This, in microcosm, is the story of Pakistan, where everything changes yet remains exactly the same. When it isn’t running the country’s affairs directly, the Pakistan army nurtures its puppets and manipulates the system to bring them into power. This provokes the opposition to start campaigning against the army in the hope that it will apply enough pressure to bring the generals to the negotiating table. The terms of these negotiations between military and civilian actors invariably include some version of the following exchange: We will bring you into power if you drop your criticisms of the army and agree to defend us both in public and in private. It is an offer that no political party has been able to refuse, and partly explains why the public remains so disillusioned with politics.

Indeed, the Pakistani people have demonstrated time and again that they are essentially democratic. Whoever has challenged the army’s hegemonic influence on public life has typically won a palpable boost in public support, while defenders of the status quo have lost credibility. When Sharif was ousted in the summer of 2017—by a supreme court taking guidance directly from the military—the public flocked to his rallies to denounce the decision. Khan, who benefited most from Sharif’s ouster, only gained in popularity once he started attacking the generals and has won the majority of by-elections conducted after his removal.

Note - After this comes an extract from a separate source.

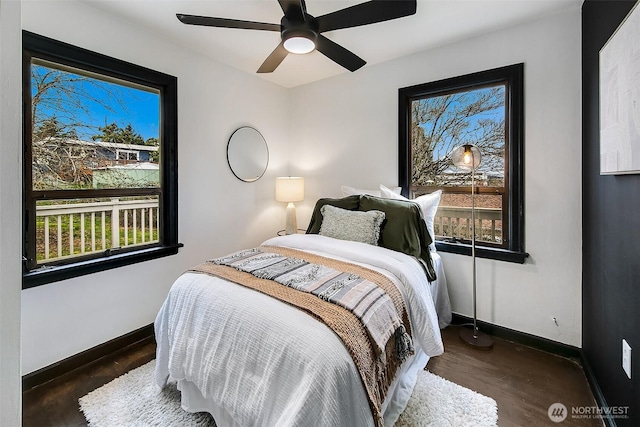 bedroom with wood finished floors, baseboards, and ceiling fan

At the same time, however, because it is understood that the political class will always strike a deal with the military, the people of Pakistan are disinclined to apply revolutionary pressure on the streets. For the past two months, Khan has tried to cajole his supporters to march on the capital and compel the sitting government to call early elections but has failed to produce numbers capable of building any momentum. The attempt on his life only pushed the situation to the point of crisis.

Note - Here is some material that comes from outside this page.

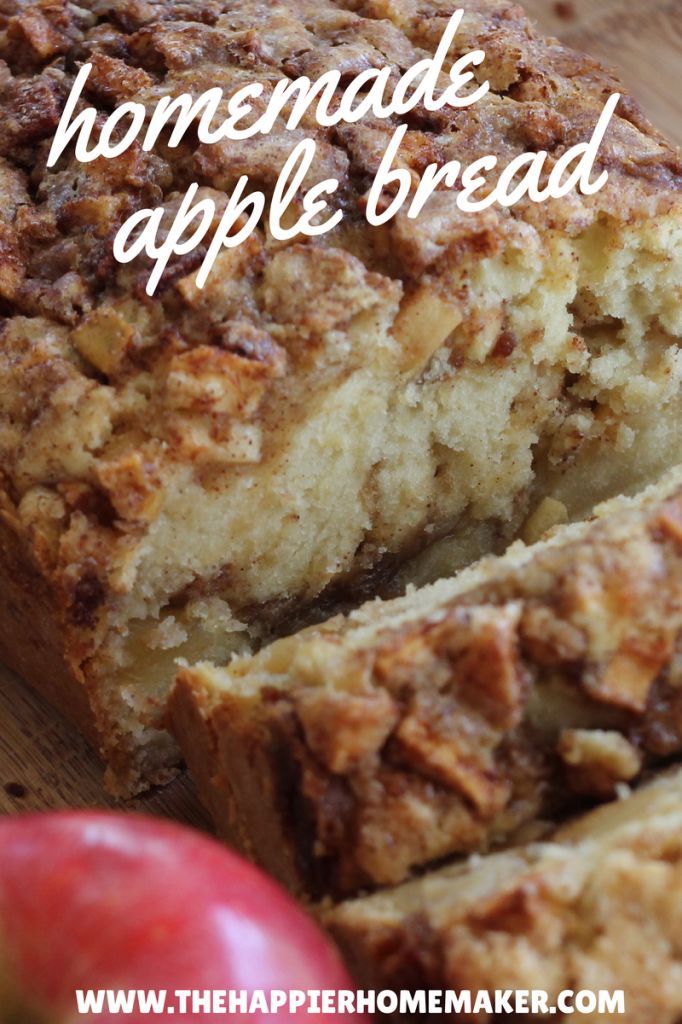 homemade apple bread sliced and sitting on a cutting board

Khan responded to the assassination attempt by casting blame on Prime Minister Shehbaz Sharif, Interior Minister Rana Sanaullah Khan, and Maj. Gen. Faisal Naseer of the shadowy Inter-Services Intelligence (ISI)—the country’s premier spy agency. The most drastic claim of his post-ouster speaking tour, it has succeeded in imposing further damage on an already fractured polity. The ruling coalition, which spent its years in opposition blaming the Khan government for destroying the economy, appears hapless in its attempt to control the spiraling levels of inflation that have plunged the country into a cost-of-living crisis without near precedent. With the Russian invasion of Ukraine pushing up fuel prices and the excessive damage to crops and infrastructure caused by the floods, the economy is unlikely to recover any time soon.

The National Assembly is also broken. In retaliation for his ouster last spring, Khan instructed his parliamentarians to resign their seats, with the result that the largest party in the country is no longer attending parliament. After calling off his march on the capital last Saturday, Khan also announced that he would dissolve the provincial assemblies under his party’s control, meaning that two of the country’s four provinces could be without representation.

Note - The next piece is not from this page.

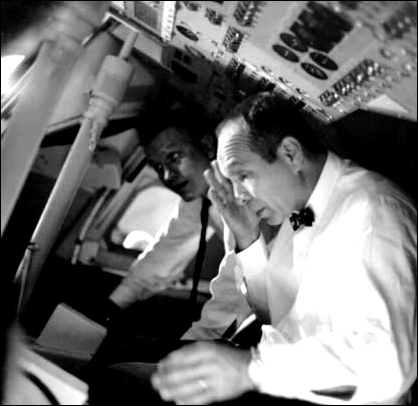 Members of the Apollo 204 Review Board, Astronaut Frank Borman and Max Faget (foreground), inspect the interior of an Apollo Command Module mock-up at the Kennedy Space Center on April 9, 1967, as part of the Board's investigation of the fire that took the lives of the Apollo 1 crew, Chaffee, White, and Grissom at Launch Complex 34 on January 27.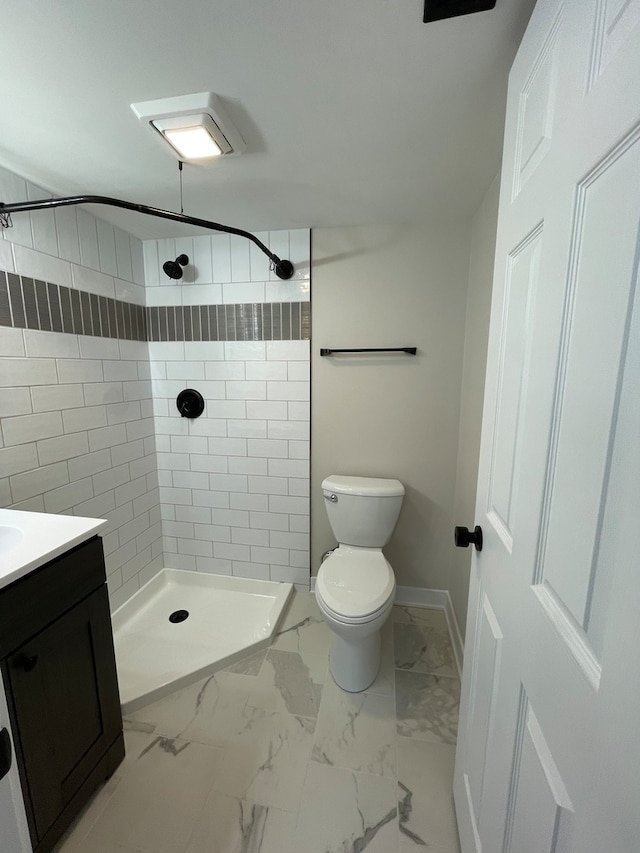 bathroom with tiled shower, vanity, and toilet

Khan believes that his surge in popularity after the vote of no confidence will return him to power when the country goes to the polls, and he is determined to force the government to dissolve the national assembly altogether. He also seems to think that the easiest way for him to achieve this end is to create so much chaos in the system that the only way out is through a general election. To date, though, it is a strategy that has only served to make every institution controversial. The mysterious killing in Kenya of a Khan-allied journalist, Arshad Sharif, was described by Khan as a “targeted attack”—an allegation that, coupled with Khan’s constant criticism of army chief Gen. Qamar Javed Bajwa and the fact that army-led intelligence agencies in Pakistan have been accused of targeting journalists in the past, created an impression that he was holding the army responsible for the murder.

It was an insinuation so flammable that it compelled Director General Nadeem Ahmed Anjum of the ISI to take the unprecedented measure of calling a press conference to rebut the accusations. Khan’s campaign against the military has been so relentless that it has forced outgoing army chief Bajwa to concede that the army has made itself controversial by meddling in politics. “I have been wondering for many years why the Indian army, which commits so many human rights abuses, receives less criticism from their people than ours, which is busy day and night in the service of the nation,” Bajwa said in his farewell address. “I think the main reason for this is the involvement of the army in politics for the last 70 years, which is unconstitutional.”

Bajwa, who retired last Tuesday, made a point of promising that the army would henceforth refrain from political interference. The question of whether his successor, Gen. Asim Munir, will be able to keep his institution neutral while simultaneously operating in such a polarized environment has already become the subject of much debate. With the government refusing to dissolve parliament until it is constitutionally obliged to in August, it appears that the crisis is destined to rumble on.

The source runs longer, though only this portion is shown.